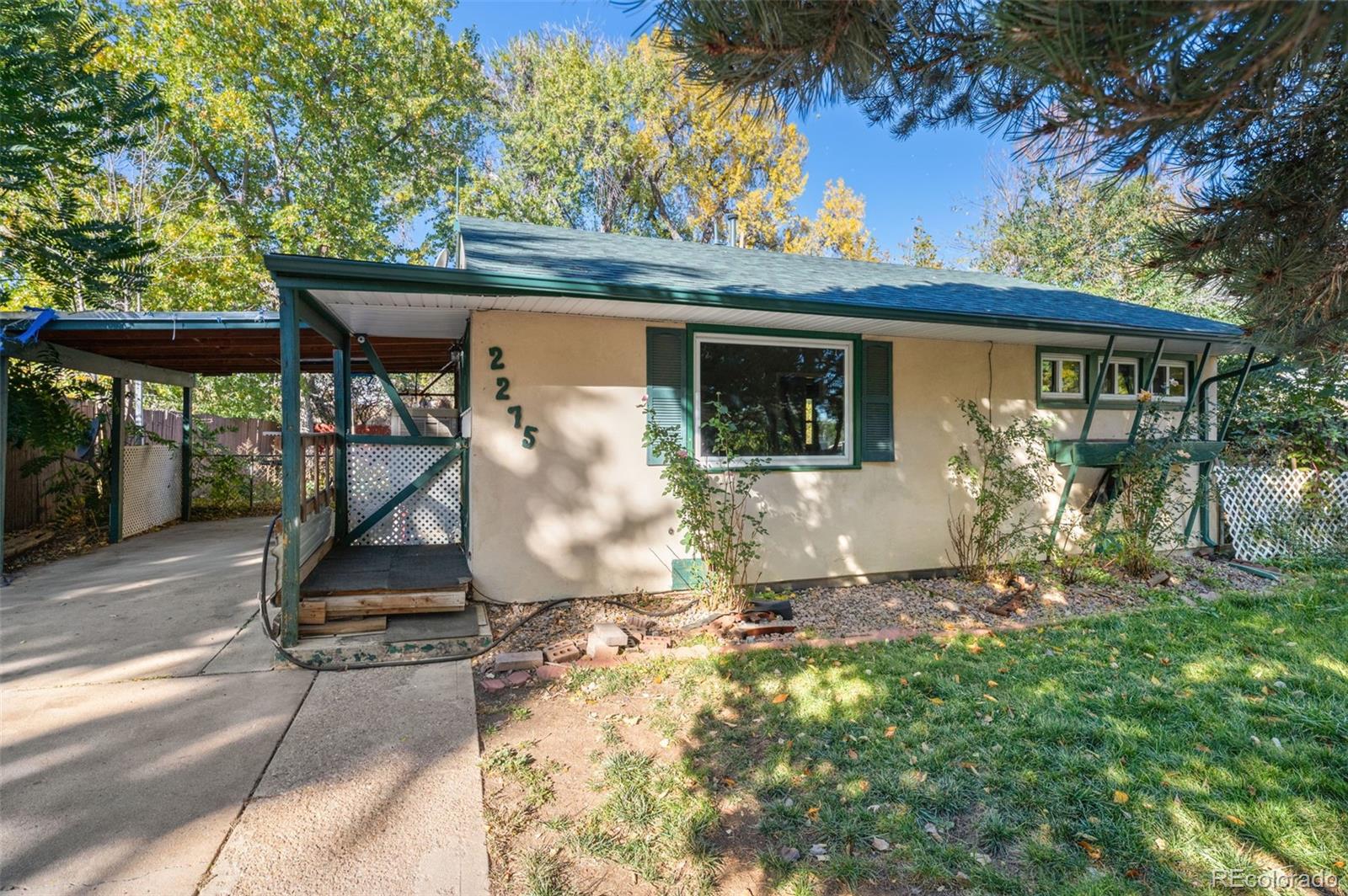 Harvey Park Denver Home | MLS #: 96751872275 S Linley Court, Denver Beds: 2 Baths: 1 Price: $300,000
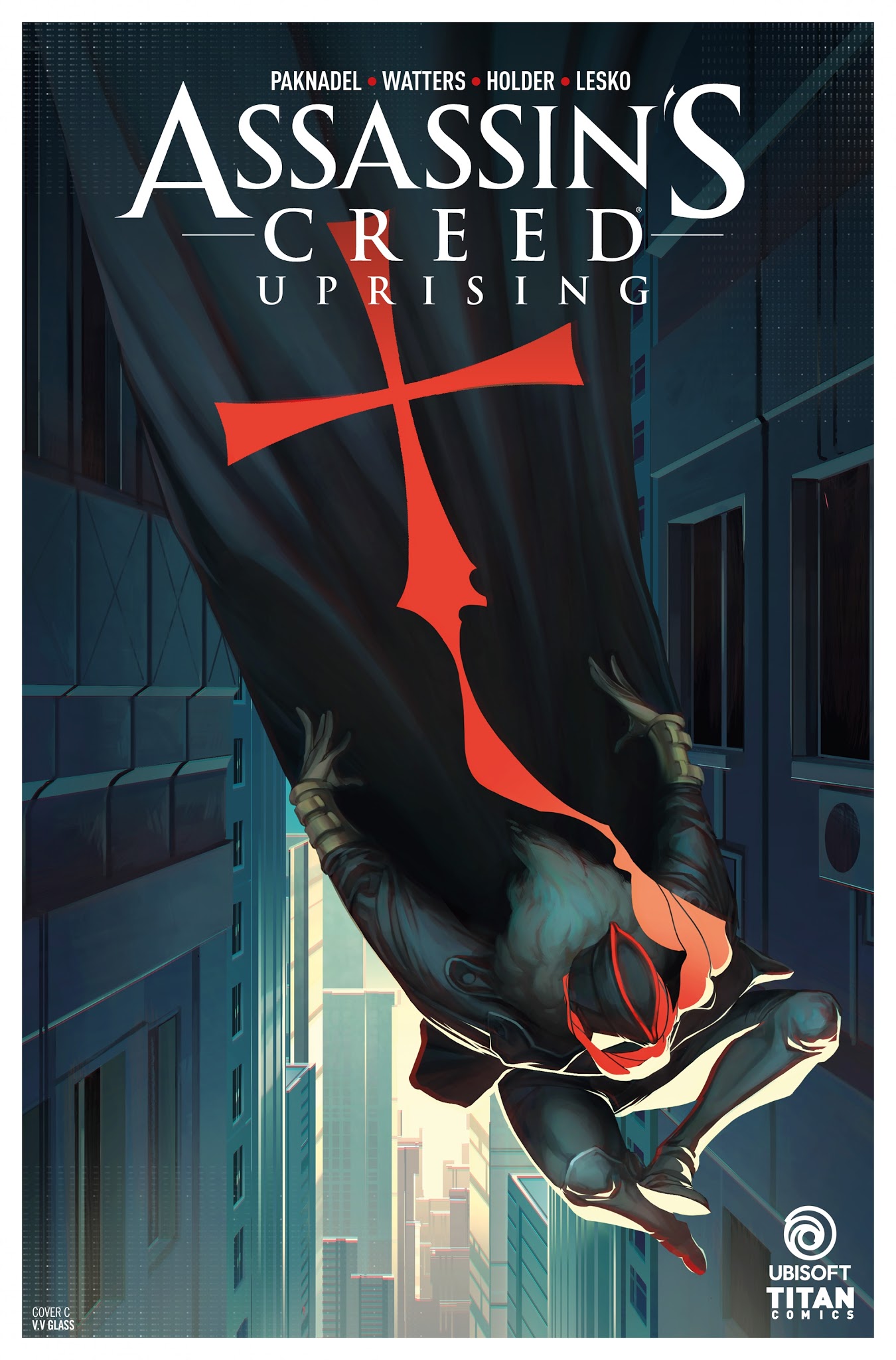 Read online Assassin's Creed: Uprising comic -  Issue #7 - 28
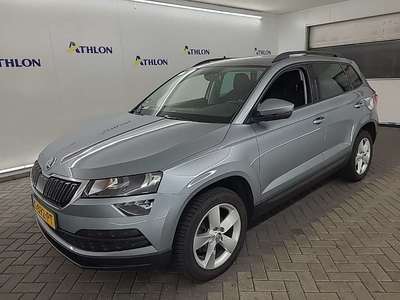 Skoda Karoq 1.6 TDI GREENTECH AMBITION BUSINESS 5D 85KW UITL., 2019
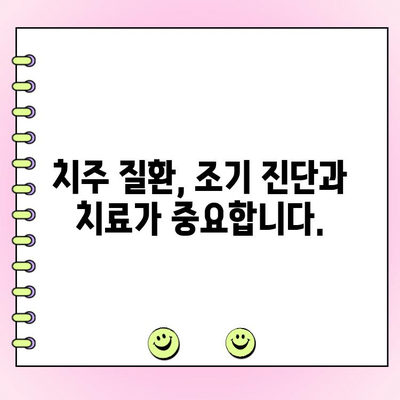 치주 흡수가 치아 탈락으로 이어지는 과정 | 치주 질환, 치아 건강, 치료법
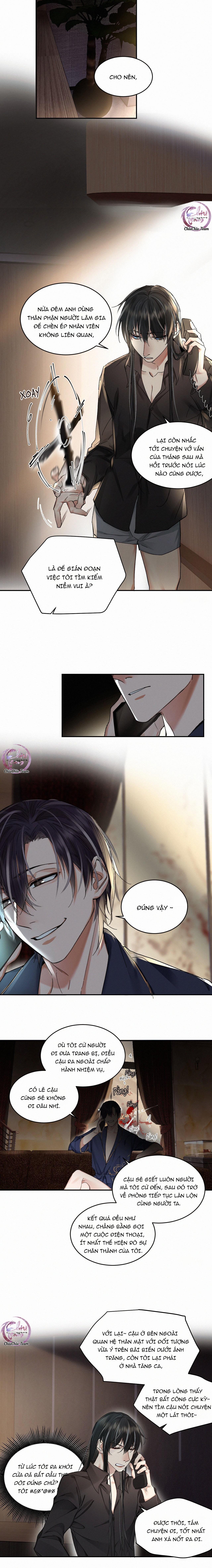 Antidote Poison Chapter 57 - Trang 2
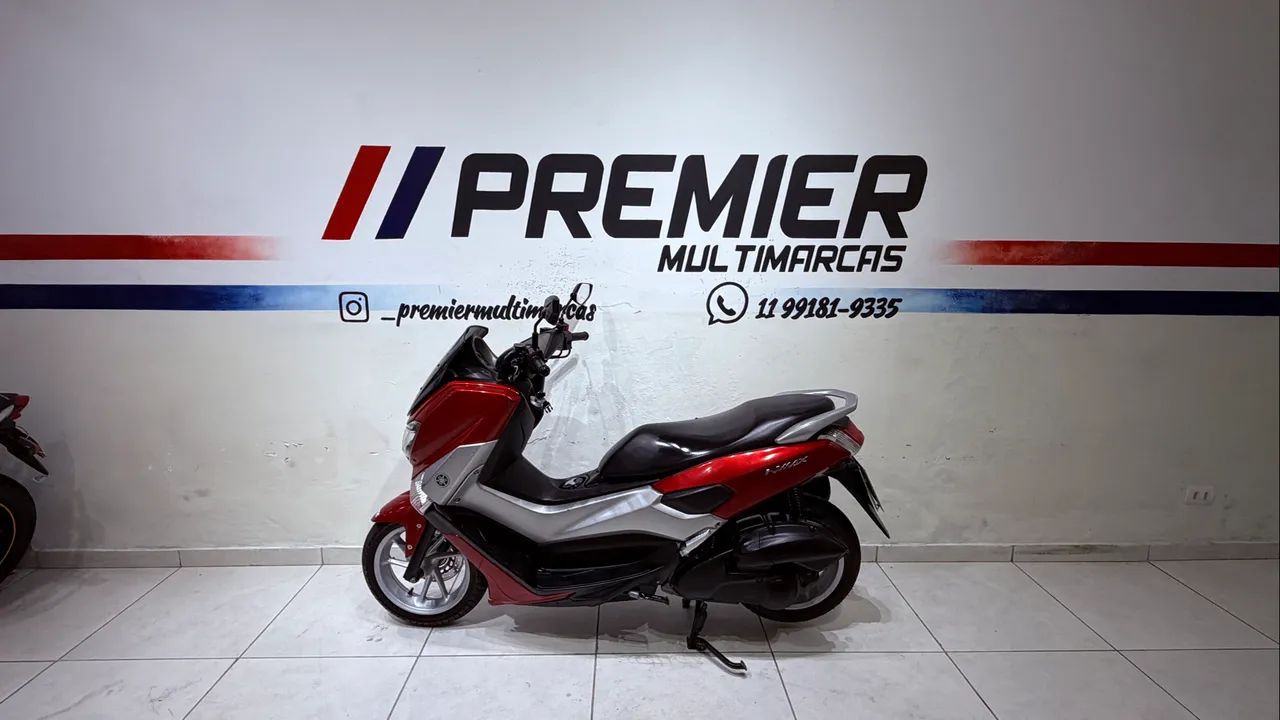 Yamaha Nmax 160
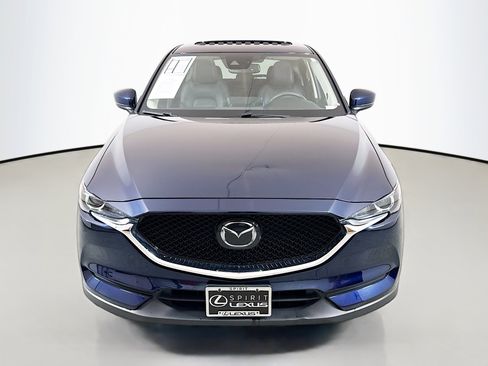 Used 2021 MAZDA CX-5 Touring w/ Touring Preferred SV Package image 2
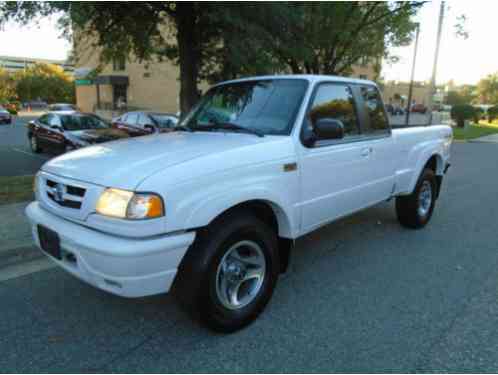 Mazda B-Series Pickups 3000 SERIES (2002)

========================================

■ TASK INSTRUCTIONS
Find the line containing "Skoda Karoq 1.6" and copy it and each line after it through the end of the material, exactly, with no pictures.

■ WRITTEN RESPONSE
 Skoda Karoq 1.6 TDI GREENTECH AMBITION BUSINESS 5D 85KW UITL., 2019
 치주 흡수가 치아 탈락으로 이어지는 과정 | 치주 질환, 치아 건강, 치료법
 Antidote Poison Chapter 57 - Trang 2
 Yamaha Nmax 160
 Used 2021 MAZDA CX-5 Touring w/ Touring Preferred SV Package image 2
 Mazda B-Series Pickups 3000 SERIES (2002)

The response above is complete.